The Monarch Grammar Format

Monarch is Monaco's built-in tokenizer format. It's a declarative state machine where each state contains an array of rules, and each rule is a regex pattern paired with an action (a token type and optionally a state transition).

src/languages/definitions/typescript/typescript.ts#L224-L255

tokenizer: {
    root: [[/[{}]/, 'delimiter.bracket'], { include: 'common' }],

    common: [
        [/#?[a-z_$][\w$]*/, {
            cases: {
                '@keywords': 'keyword',
                '@default': 'identifier'
            }
        }],
        [/[A-Z][\w\$]*/, 'type.identifier'],
        { include: '@whitespace' },
        [/\/(?=([^\\\\/]|\\.)+\/([dgimsuy]*)(\s*)(\.|
|,|\)|\]|\}|$))/,
            { token: 'regexp', bracket: '@open', next: '@regexp' }
        ],
        // ...
    ],
stateDiagram-v2
    [*] --> root
    root --> common: include
    common --> whitespace: include @whitespace
    common --> regexp: /regex_start/
    regexp --> common: /regex_end/
    common --> string_double: opening "
    string_double --> common: closing "
    common --> string_single: opening '
    string_single --> common: closing '
    common --> string_backtick: opening backtick
    string_backtick --> common: closing backtick

Key Monarch concepts:

  • States: Named groups of rules (root, common, whitespace, string, regexp)
  • Includes: { include: 'common' } pulls in rules from another state
  • Cases: @keywords references the keywords array declared earlier, enabling compact rules
  • State transitions: next: '@regexp' switches the tokenizer to the regexp state
  • Token types: Strings like 'keyword', 'identifier', 'type.identifier' that map to CSS classes for coloring

Tip: The defaultToken: 'invalid' setting is a development aid. Any text that doesn't match any rule gets the invalid token type, making untokenized content visually obvious. Production grammars should eventually cover all cases, but this default helps you spot gaps during development.

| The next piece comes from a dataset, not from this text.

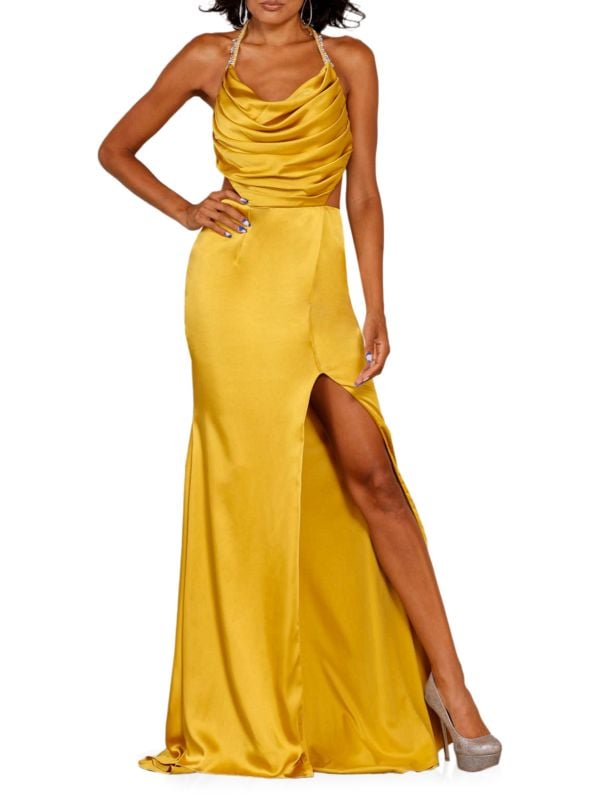 Атласное платье с хомутом и высоким разрезом Terani Couture
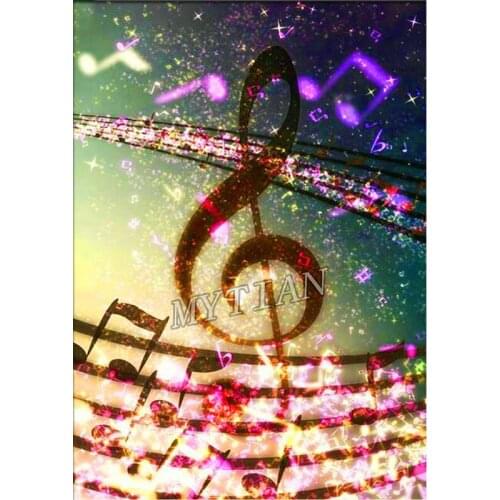Full square/round 5D DIY diamond painting Abstract music Note icon scenery Embroidery Pattern Cross stitch kit mosaic room decor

The Barrel Registration Pattern

All ~85 language registrations are aggregated through a barrel import:

src/languages/definitions/register.all.ts#L6-L87

import './abap/register';
import './apex/register';
import './azcli/register';
// ... 79 more
import './yaml/register';

Each import executes the registerLanguage() call, which as we've seen only stores metadata and sets up lazy factories. The total upfront cost of importing all 85 registration files is negligible — no grammar modules are loaded, no tokenizers are created.

flowchart TD
    BARREL[register.all.ts] --> |import| TS[typescript/register.ts]
    BARREL --> |import| PY[python/register.ts]
    BARREL --> |import| RS[rust/register.ts]
    BARREL --> |import| DOT[... 82 more]
    
    TS --> |"registerLanguage()"| META1["id: 'typescript'<br/>extensions: ['.ts', '.tsx']<br/>loader: () => import('./typescript')"]
    PY --> |"registerLanguage()"| META2["id: 'python'<br/>extensions: ['.py']<br/>loader: () => import('./python')"]
    
    META1 -.-> |on demand| GRAMMAR1[typescript.ts<br/>~300 lines of Monarch grammar]
    META2 -.-> |on demand| GRAMMAR2[python.ts<br/>~300 lines of Monarch grammar]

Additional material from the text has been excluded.